For the material below, the expected output is exactly the lines between the line holding "Modern Canvas 5" and the line holding "Sweat-Bermuda mit Farbverlauf", inclusive, with pictures left out.

• [EXTRACTED ENTRIES]:
=== Section Start ===
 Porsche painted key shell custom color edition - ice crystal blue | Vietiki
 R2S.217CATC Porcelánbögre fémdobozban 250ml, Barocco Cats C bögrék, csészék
=== Section End ===
=== Section Start ===
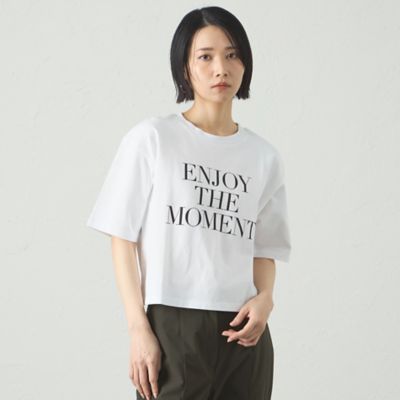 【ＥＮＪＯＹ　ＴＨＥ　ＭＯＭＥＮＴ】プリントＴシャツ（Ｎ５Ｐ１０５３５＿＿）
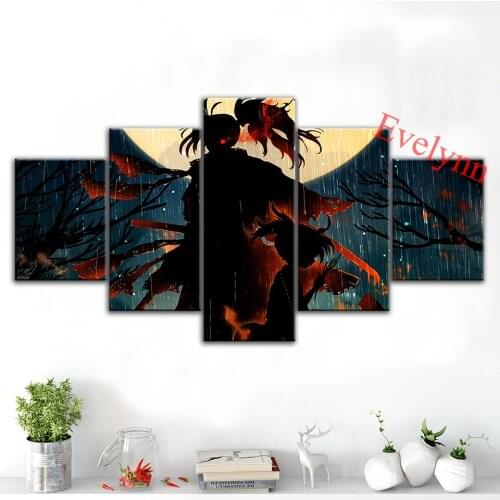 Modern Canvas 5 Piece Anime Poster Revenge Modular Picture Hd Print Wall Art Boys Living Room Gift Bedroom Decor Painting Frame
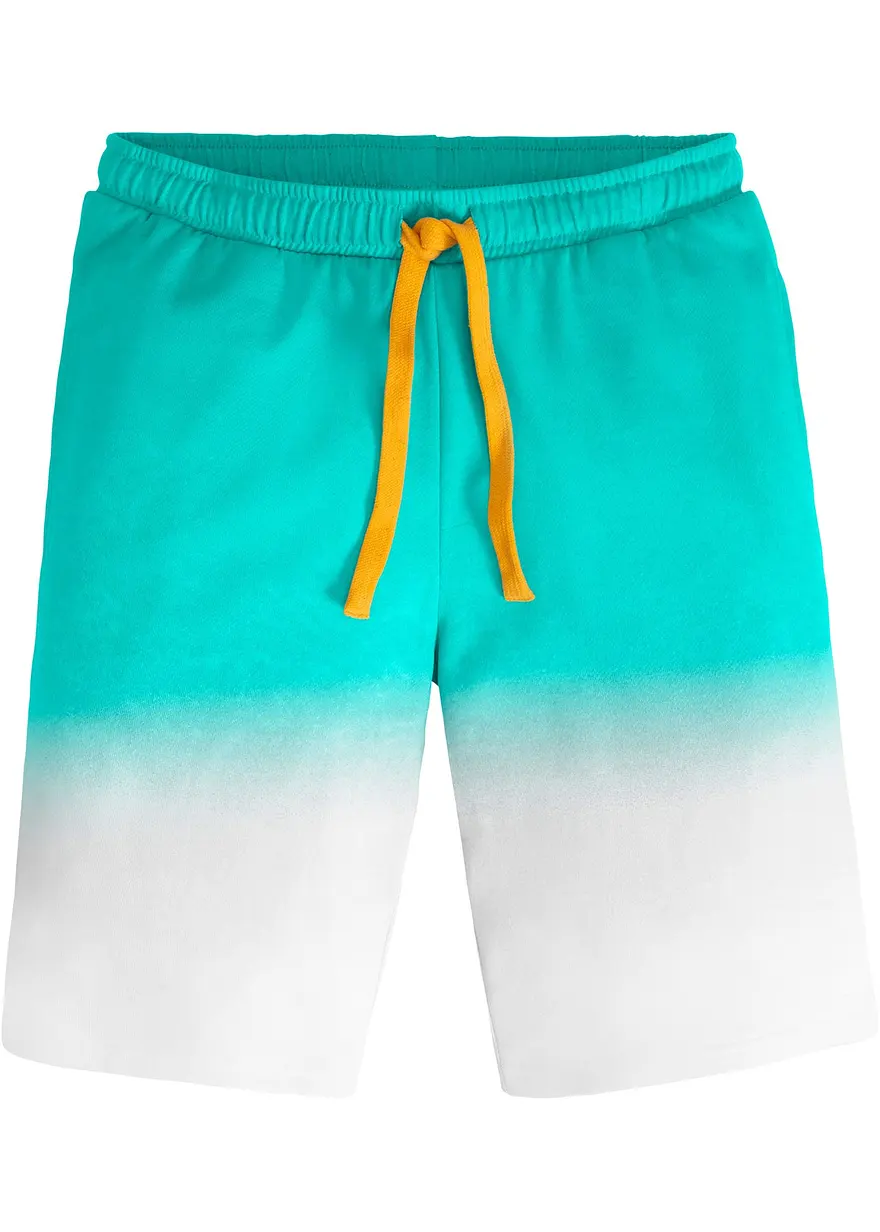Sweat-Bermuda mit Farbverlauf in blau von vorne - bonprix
=== Section End ===
• [COMPLETED EXERCISE]:
 Modern Canvas 5 Piece Anime Poster Revenge Modular Picture Hd Print Wall Art Boys Living Room Gift Bedroom Decor Painting Frame
Sweat-Bermuda mit Farbverlauf in blau von vorne - bonprix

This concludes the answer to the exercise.